ASSIGNMENT => An exact, complete copy of the lines below is the expected answer.

Short descriptive text snippets:
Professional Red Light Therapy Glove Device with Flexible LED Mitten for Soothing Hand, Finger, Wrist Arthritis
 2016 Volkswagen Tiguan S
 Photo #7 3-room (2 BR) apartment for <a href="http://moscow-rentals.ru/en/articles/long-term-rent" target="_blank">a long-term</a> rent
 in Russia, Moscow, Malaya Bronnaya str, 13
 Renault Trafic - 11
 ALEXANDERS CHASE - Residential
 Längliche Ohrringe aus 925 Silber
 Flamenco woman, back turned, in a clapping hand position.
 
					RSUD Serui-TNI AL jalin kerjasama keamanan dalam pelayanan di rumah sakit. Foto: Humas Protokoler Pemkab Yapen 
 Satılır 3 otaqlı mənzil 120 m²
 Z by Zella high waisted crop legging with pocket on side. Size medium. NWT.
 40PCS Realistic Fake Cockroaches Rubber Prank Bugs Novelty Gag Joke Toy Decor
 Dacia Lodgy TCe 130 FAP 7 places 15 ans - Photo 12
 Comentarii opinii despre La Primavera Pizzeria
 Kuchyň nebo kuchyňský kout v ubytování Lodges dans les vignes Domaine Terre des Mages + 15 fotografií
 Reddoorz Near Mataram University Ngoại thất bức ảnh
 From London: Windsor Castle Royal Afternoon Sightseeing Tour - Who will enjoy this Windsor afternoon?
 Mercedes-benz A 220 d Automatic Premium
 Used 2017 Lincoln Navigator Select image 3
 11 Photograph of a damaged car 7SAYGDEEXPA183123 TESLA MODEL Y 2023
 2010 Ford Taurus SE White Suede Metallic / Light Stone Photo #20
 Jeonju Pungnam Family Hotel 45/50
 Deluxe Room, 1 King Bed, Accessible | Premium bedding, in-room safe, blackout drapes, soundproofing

EXPECTED OUTPUT =>
Professional Red Light Therapy Glove Device with Flexible LED Mitten for Soothing Hand, Finger, Wrist Arthritis
 2016 Volkswagen Tiguan S
 Photo #7 3-room (2 BR) apartment for <a href="http://moscow-rentals.ru/en/articles/long-term-rent" target="_blank">a long-term</a> rent
 in Russia, Moscow, Malaya Bronnaya str, 13
 Renault Trafic - 11
 ALEXANDERS CHASE - Residential
 Längliche Ohrringe aus 925 Silber
 Flamenco woman, back turned, in a clapping hand position.
 
					RSUD Serui-TNI AL jalin kerjasama keamanan dalam pelayanan di rumah sakit. Foto: Humas Protokoler Pemkab Yapen 
 Satılır 3 otaqlı mənzil 120 m²
 Z by Zella high waisted crop legging with pocket on side. Size medium. NWT.
 40PCS Realistic Fake Cockroaches Rubber Prank Bugs Novelty Gag Joke Toy Decor
 Dacia Lodgy TCe 130 FAP 7 places 15 ans - Photo 12
 Comentarii opinii despre La Primavera Pizzeria
 Kuchyň nebo kuchyňský kout v ubytování Lodges dans les vignes Domaine Terre des Mages + 15 fotografií
 Reddoorz Near Mataram University Ngoại thất bức ảnh
 From London: Windsor Castle Royal Afternoon Sightseeing Tour - Who will enjoy this Windsor afternoon?
 Mercedes-benz A 220 d Automatic Premium
 Used 2017 Lincoln Navigator Select image 3
 11 Photograph of a damaged car 7SAYGDEEXPA183123 TESLA MODEL Y 2023
 2010 Ford Taurus SE White Suede Metallic / Light Stone Photo #20
 Jeonju Pungnam Family Hotel 45/50
 Deluxe Room, 1 King Bed, Accessible | Premium bedding, in-room safe, blackout drapes, soundproofing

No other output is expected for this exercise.